The ppl-L fragment was cloned into pGEX-5X-1 vector, transformed into BL21 cells, and induced with 0.1 M isopropylthiogalactoside at 20°C. Cells were sonicated in PBS containing protease inhibitors and were centrifuged at 12,000g for 10 minutes at 4°C. Triton-X was added to the supernatant at 1% and was incubated with glutathione-agarose beads for 1 hour at room temperature. Control beads were incubated in PBS + 1% Triton-X for the same amount of time. Beads were washed four times with the same buffer and incubated in lens OG extract for 4 hours at room temperature. After four washes in OG buffer and PBS, the bound proteins were solubilized in SDS-PAGE sample buffer and resolved by SDS PAGE. Western blots were conducted as described previously.50,51
Affinity-purified periplakin antibody was immobilized on beads as directed in a Co-IP kit (Pierce, Rockford, IL). Immobilized antibody beads were incubated in lens OG extract for 4 hours at room temperature. Washing and elution steps were carried out as directed, and an additional wash with high-salt phosphate buffer (PBS + 1 M NaCl) was added to reduce nonspecific binding. Eluted sample was resolved by SDS-PAGE and analyzed by Western blotting.
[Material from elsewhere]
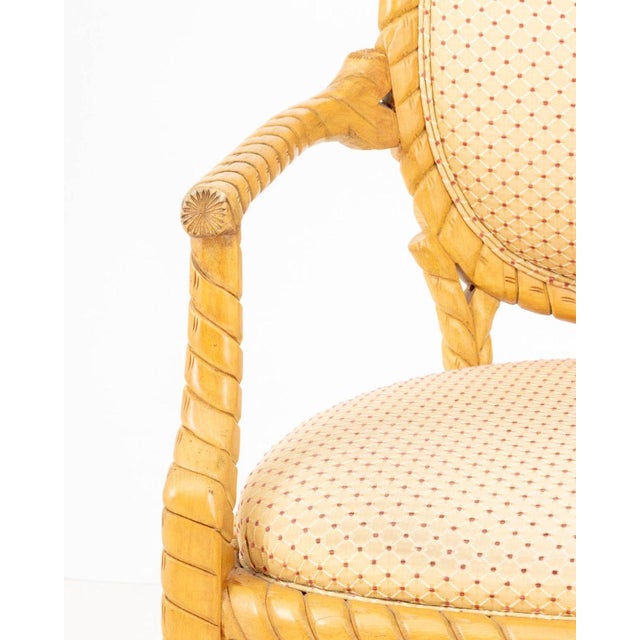Late 20th Century Hollywood Regency Style Rope Twist Motif Arm Chair For Sale - Image 5 of 9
Full-length mouse vimentin and CP49 and the filensin rod two-tail fragment were excised from TOPO vectors and ligated into pAS2-1 vectors as a GAL4 DNA binding-domain fusion protein. Protein expression in yeast was confirmed by Western blot, and ppl-L was cloned into pGAD vector as a GAL4 activation domain fusion protein. Bait and prey plasmids were cotransfected into PJ4 - 09A yeast strain containing three reporter genes (lacZ, HIS3, and ADE2). Cotransformants were grown in liquid SD-Leu/-Trp media, and 3-μL droplets of 0.1 OD/mL and 0.05 OD/mL cells were grown on SD-Leu/-Trp and SD-Leu/-Trp/-His plates to compare growth rates and to assess interaction.
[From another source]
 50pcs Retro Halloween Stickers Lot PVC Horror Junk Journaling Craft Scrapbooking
To test interactions with different domains in CP49, three fragments of head, rod1, and rod2 were PCR amplified, then cloned into pAS2-1. All plasmids were tested for self-activation by growing on SD-Trp/-His or SD-Leu/-His plates.
To determine whether periplakin was found in the same complexes as vimentin, CP49, and filensin, we conducted Co-IP studies on detergent extracts of whole mouse lens.
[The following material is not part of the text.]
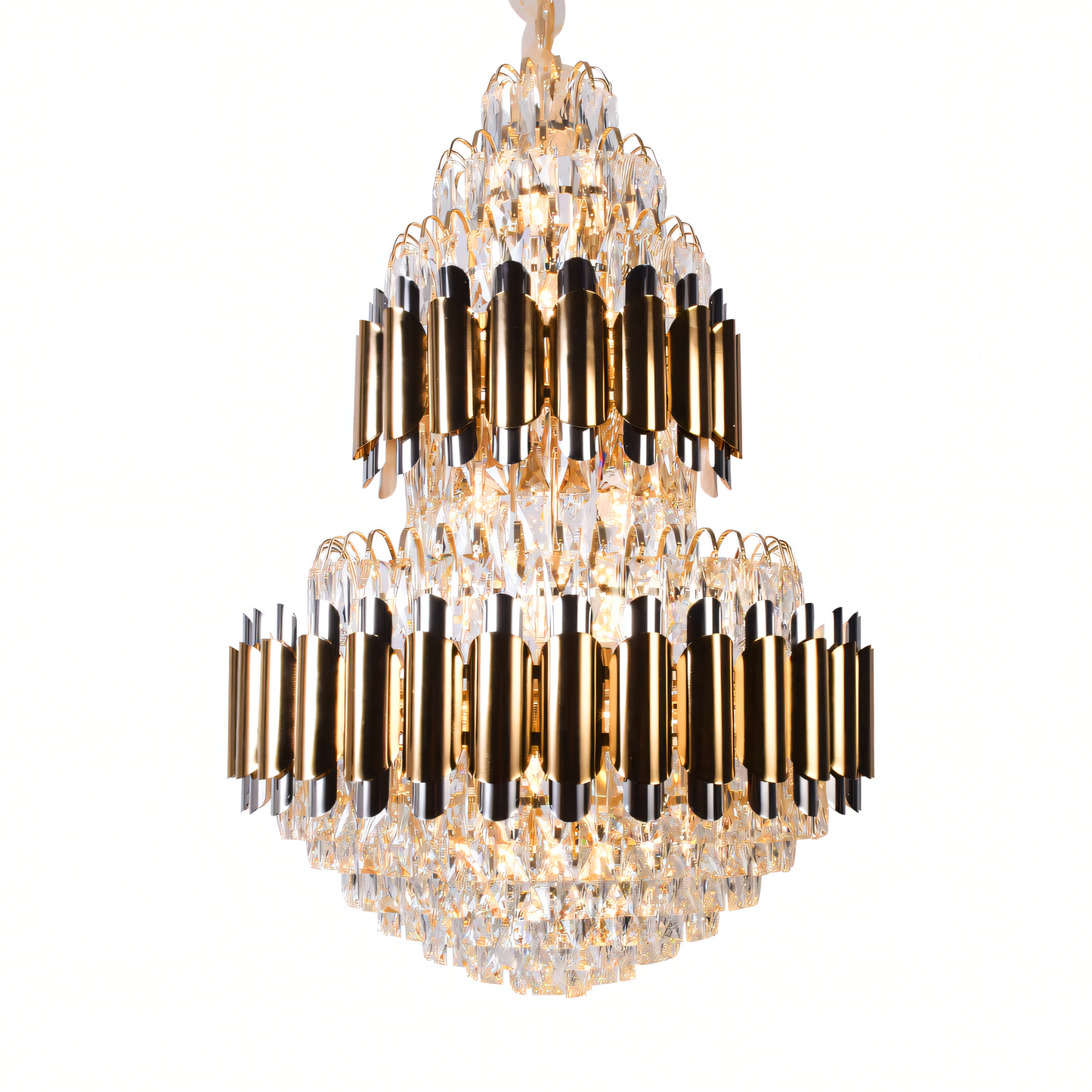 Timeless crystal and gold chandelier in Castle setting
We first developed an antiserum to the recombinant periplakin C-terminal domain, which includes the Linker region, as described in Materials and Methods. A schematic that identified the region and boundaries of this fragment (ppl-L) is included in Figure 1. Using immobilized recombinant ppl-L, antibodies were affinity purified and tested for reactivity and specificity by Western blotting against whole lens extract (Fig. 2A). A single band at approximately 195 kDa, the relative molecular weight of periplakin, was identified, showing specificity of the antibody and a lack of detectable cross-reactivity with other lens proteins.
Immobilized anti–ppl-L antibody was then used in Co-IP studies of detergent extracts of whole lens. After washing, the pelleted material was resolved by SDS-PAGE and was transferred to nitrocellulose for Western blot analysis using antibodies to periplakin, vimentin, CP49, and filensin. Figure 2B, lane 2, is a composite of four different blots showing a positive reaction for each of the four proteins. Reactive lower molecular weight bands are breakdown products of the parent proteins, as shown by the use of monoclonal antibodies and by their absence in the knockout animals.24,26,50 As a control, immunoprecipitation was conducted in parallel with irrelevant rabbit IgG. With the exception of CP49, the controls were negative. The CP49 control showed a persistent reaction, though always at a lower level than the experimental lane. These results established that all three proteins coimmunoprecipitate with periplakin, suggesting that periplakin, either directly or indirectly, is complexed with the IF and BF proteins.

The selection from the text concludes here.